Yönetmenliğini Talip Karamahmutoğlu’nun yaptığı ve başrollerinde Emre Altuğ, Nilay Erdönmez ve Turan Özdemir’in yer aldığı “Mezarcı” filmi, festivalden iki ödülle birden döndü.
5-12 Mayıs tarihleri arasında gerçekleşen festivalde, yönetmen Talip Karamahmutoğlu 'En İyi Yönetmen', filmin görüntü yönetmenliğini üstlenen Feza Çaldıran ise 'En İyi Görüntü Yönetmeni' ödülüne layık görüldü.
Talip Karamahmutoğlu, ödül töreninde yaptığı konuşmada ödülünü kısa süre önce aramızdan ayrılan usta oyuncu Turan Özdemir'e ithaf etti.

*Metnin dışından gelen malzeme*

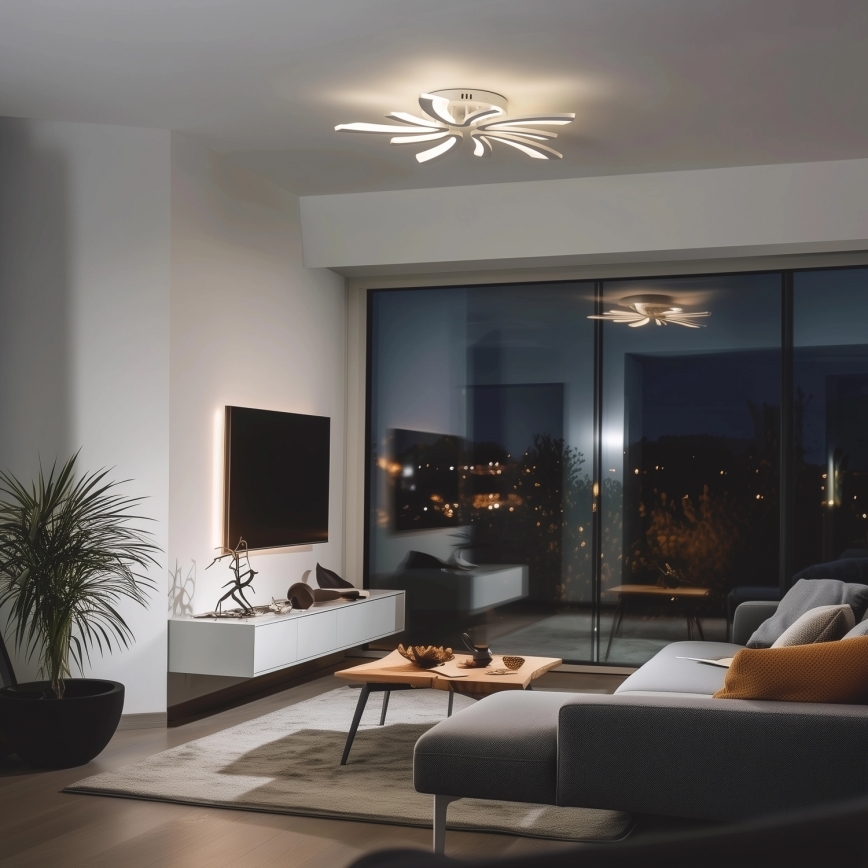 Brilagi - LED Aptumšojama virsapmetuma lustra TWIST LED/55W/230V 3000-6500K balta + tālvadības pults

İşte, Karamahmutoğlu’nun o açıklaması:
“Filmin ana oyuncularından biri olan Turan Özdemir, kısa bir süre önce aramızdan ayrıldı. Kendisi usta bir aktör ve iyi bir arkadaştı… Bu ödülü ona armağan ediyorum”

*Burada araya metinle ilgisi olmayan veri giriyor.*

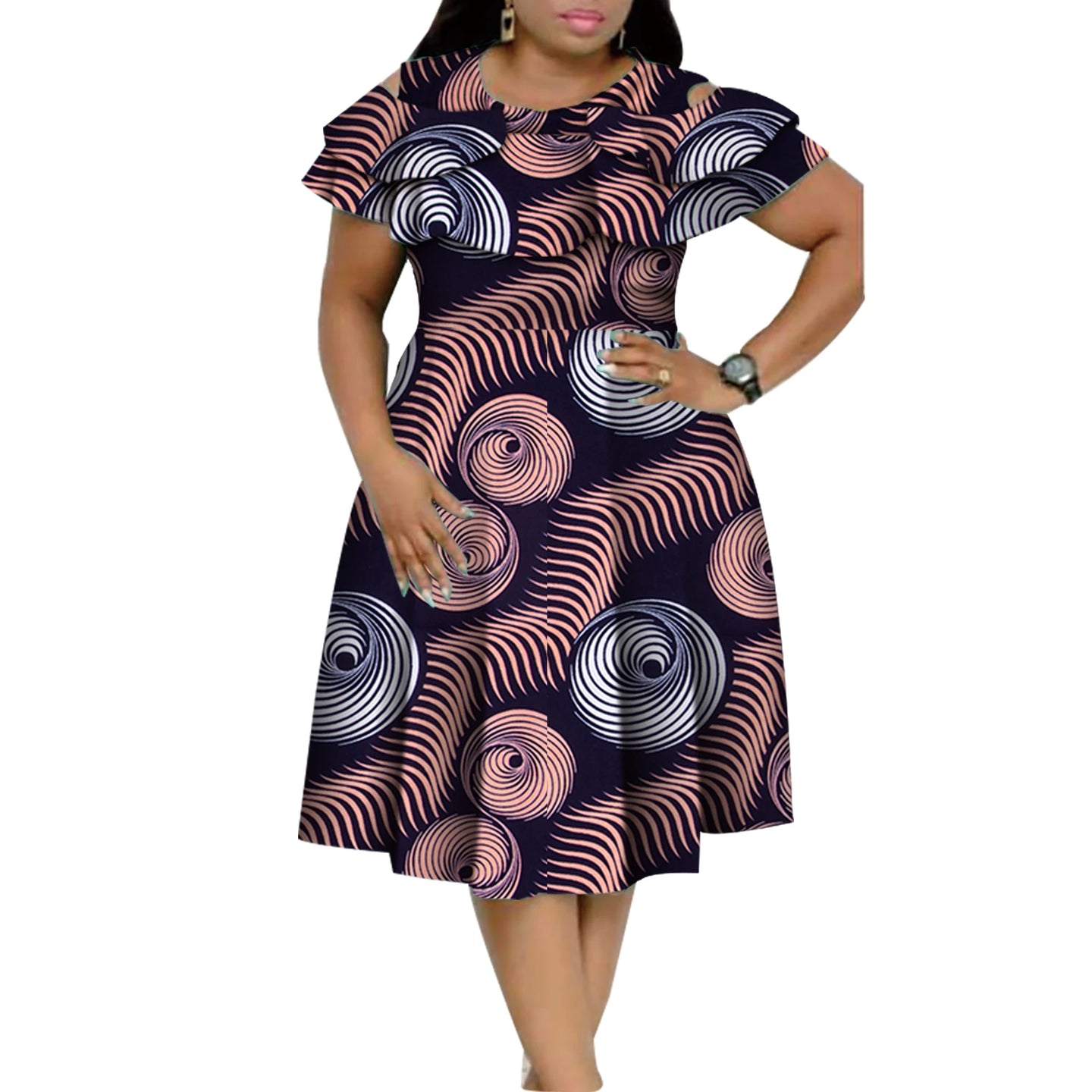 New Bazin Riche African Ruffles Collar Dresses for Women Dashiki Print Pearls Dresses Vestidos Women African Clothing WY4401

Mezarcı, dünya prömiyerini ise 16. Boston Türk Film ve Müzik Festivali kapsamında yapmıştı.
Ayrıca bu yıl Trabzon’da ilki düzenlenen Uluslararası Trabzon Film Festivali’nden iki “Altın Kemençe”yle dönen filmin başrol oyuncusu Emre Altuğ “En İyi Erkek Oyuncu” ödülüne layık görülürken, “En İyi Yardımcı Erkek Oyuncu” ödülü ise filmde “Hayati” karakterine hayat veren Adem Yılmaz’a verilmişti.
Müziklerini Erkan Oğur’un bestelediği, oyuncu kadrosunda Emre Altuğ, Nilay Erdönmez, Orhan Aydın, Mustafa Uzunyılmaz, Turan Özdemir, Sadık Gürbüz, Hikmet Karagöz ve Adem Yılmaz'ın yer aldığı filmin konuşu şöyle:
"Yeni bir hayat kurmak umuduyla işçi olarak gurbete gittiği Almanya'da mezarcılık konusunda ustalaşan Ejder, babasının ölümü üzerine memleketi Dalaman Şerefler Köyü'ne döner. Ejder'in köyündeki yerli ve yabancıların oluşturduğu milyon dolarlık yaşam alanları, Ejder'in mezarcılık konusunda ki birikimlerine yeni ufuklar açar.
Milyon dolarlık evlerde oturan bu insanları, öldükten sonra köy mezarlığına defnetmek fikrine karşı çıkan Ejder, ''Aslan yattığı yerden bellidir'' felsefesi ile yola çıkarak, ölecek her varlıklı insana ölümsüzlüğü simgeleyen zeytin ağaçları altında sonsuz bir yaşam vaat eder.
Kişiye özel mezar tasarımları ile cennete giden bu yolda müşterilerine eşlik eden Ejder ve şirketi ''Yatay mezarcılık, öldükten sonra bile yanınızda olacak...'' sloganı ile işler yolunda giderken, kasabaya sonradan yerleşen Bektaş'ın travmatik hikayesi ile yüzleşir."